Marquis Software Solutions has announced a data breach affecting multiple banks and credit unions in the US. Marquis Software Solutions offers data analytics, CRM tools, compliance reporting, and digital marketing to more than 700 banks, credit unions, and mortgage lenders.
Marquis reported a ransomware attack on August 14, 2025, in notifications to US Attorney General offices. This allowed the hackers to steal “certain files from its systems” during the attack.
“The review determined that the files contained personal information received from certain business customers,” reads a notification filed with Maine’s AG office.
“The personal information potentially involved for Maine residents includes names, addresses, phone numbers, Social Security numbers, Taxpayer Identification Numbers, financial account information without security or access codes, and dates of birth.”
Marquis is filing notifications for its customers, detailing how many people were affected per bank in each state. These alerts indicate that similar data was compromised for customers in other states as well.
Over 400,000 customers have been affected by 74 banks and credit unions in Maine, Iowa, and Texas, according to filings. Marquis states that there is currently no evidence of data misuse or publication.
A deleted filing by Community 1st Credit Union mentioned that Marquis paid a ransom to prevent the misuse of stolen data, as previously reported by Comparitech.
“Marquis paid a ransomware shortly after 08/14/25. On 10/27/25 C1st was notified that nonpublic personal information related to C1st members was included in the Marquis breach,” reads the deleted notification seen by Comparitech.

While the company’s data breach notifications state only that it has “taken steps to reduce the risk of this type of incident,” a filing by CoVantage Credit Union with the New Hampshire AG shares further details about how the company is increasing security.

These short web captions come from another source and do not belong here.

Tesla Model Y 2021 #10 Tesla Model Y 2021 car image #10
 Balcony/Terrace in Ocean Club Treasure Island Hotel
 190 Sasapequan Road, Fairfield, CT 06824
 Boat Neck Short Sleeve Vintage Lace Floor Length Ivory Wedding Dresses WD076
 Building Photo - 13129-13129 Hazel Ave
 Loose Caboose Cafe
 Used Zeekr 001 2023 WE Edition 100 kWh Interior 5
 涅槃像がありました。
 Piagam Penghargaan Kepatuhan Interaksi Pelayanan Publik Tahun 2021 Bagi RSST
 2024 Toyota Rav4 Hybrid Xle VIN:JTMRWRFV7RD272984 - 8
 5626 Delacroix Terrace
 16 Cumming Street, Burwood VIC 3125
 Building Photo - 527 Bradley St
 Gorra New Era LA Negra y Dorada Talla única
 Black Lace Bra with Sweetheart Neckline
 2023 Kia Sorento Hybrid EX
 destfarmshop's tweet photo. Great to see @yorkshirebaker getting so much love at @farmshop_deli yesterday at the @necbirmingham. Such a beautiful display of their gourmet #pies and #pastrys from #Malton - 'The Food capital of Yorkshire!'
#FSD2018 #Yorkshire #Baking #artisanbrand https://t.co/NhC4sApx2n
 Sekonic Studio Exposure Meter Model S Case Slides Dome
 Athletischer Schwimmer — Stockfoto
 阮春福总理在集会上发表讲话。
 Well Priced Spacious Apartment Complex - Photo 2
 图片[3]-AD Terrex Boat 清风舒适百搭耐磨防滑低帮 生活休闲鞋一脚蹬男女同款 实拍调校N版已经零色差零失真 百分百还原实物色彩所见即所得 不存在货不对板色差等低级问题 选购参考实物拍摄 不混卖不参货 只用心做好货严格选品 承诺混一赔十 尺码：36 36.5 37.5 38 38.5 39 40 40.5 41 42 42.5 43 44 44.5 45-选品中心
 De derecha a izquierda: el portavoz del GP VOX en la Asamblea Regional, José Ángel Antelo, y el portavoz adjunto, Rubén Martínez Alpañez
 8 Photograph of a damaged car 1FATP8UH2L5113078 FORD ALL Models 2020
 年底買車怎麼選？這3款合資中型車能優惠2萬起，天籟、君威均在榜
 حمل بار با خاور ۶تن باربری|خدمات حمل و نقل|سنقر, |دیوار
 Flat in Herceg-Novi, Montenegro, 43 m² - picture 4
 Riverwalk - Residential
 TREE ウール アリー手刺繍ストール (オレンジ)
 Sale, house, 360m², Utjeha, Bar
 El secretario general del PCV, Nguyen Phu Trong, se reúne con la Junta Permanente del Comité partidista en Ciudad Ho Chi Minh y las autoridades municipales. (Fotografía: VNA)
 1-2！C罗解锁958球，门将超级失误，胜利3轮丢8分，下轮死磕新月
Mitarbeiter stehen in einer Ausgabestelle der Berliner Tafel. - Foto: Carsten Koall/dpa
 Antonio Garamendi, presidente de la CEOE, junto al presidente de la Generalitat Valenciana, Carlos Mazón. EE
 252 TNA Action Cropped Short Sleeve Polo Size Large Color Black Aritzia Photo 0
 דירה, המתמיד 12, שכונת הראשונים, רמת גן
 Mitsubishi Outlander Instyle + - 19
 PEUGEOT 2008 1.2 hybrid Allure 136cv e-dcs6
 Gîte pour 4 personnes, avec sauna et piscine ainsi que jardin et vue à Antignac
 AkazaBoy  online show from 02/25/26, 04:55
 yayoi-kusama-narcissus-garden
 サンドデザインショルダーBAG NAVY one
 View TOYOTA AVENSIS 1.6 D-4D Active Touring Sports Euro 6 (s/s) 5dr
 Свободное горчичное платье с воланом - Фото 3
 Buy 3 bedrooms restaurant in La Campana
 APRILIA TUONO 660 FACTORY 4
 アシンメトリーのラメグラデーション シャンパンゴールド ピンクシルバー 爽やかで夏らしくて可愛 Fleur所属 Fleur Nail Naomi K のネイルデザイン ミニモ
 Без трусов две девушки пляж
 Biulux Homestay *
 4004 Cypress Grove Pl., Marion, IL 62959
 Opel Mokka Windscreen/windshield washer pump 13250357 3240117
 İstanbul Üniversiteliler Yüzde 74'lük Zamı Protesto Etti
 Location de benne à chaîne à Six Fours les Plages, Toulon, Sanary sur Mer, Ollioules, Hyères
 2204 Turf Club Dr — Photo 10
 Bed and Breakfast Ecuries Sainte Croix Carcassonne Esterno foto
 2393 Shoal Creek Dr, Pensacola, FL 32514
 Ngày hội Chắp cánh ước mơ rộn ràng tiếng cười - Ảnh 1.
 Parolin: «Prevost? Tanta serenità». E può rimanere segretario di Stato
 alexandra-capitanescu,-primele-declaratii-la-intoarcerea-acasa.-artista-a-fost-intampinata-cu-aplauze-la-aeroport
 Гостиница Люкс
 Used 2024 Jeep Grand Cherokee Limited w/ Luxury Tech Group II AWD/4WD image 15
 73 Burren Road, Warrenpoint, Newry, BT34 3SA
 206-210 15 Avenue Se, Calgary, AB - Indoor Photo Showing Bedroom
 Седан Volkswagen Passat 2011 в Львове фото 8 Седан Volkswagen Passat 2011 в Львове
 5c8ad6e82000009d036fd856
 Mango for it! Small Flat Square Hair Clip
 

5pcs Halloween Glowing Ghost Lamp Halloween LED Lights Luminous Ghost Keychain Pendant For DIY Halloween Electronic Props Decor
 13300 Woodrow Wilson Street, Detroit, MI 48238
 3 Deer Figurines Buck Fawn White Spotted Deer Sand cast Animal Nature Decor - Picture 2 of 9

This notification states that Marquis has now enhanced its security controls by doing the following:
Ensuring that all firewall devices are fully patched and up to date,
Rotating passwords for local accounts,
Deleting old or unused accounts,
Ensuring that multi-factor authentication is enabled for all firewall and virtual private network (“VPN”) accounts,
Increasing logging retention for firewall devices
Applying account lock-out policies at the VPN for too many failed logins,
Applying geo-IP filtering to only allow connections from specific countries needed for business operations, and
Applying policies to automatically block connections to/from known Botnet Command and Control servers at the firewall.
These steps indicate that the threat actors likely gained access to the company network through a SonicWall VPN account, a known tactic used by some ransomware gangs, especially Akira ransomware.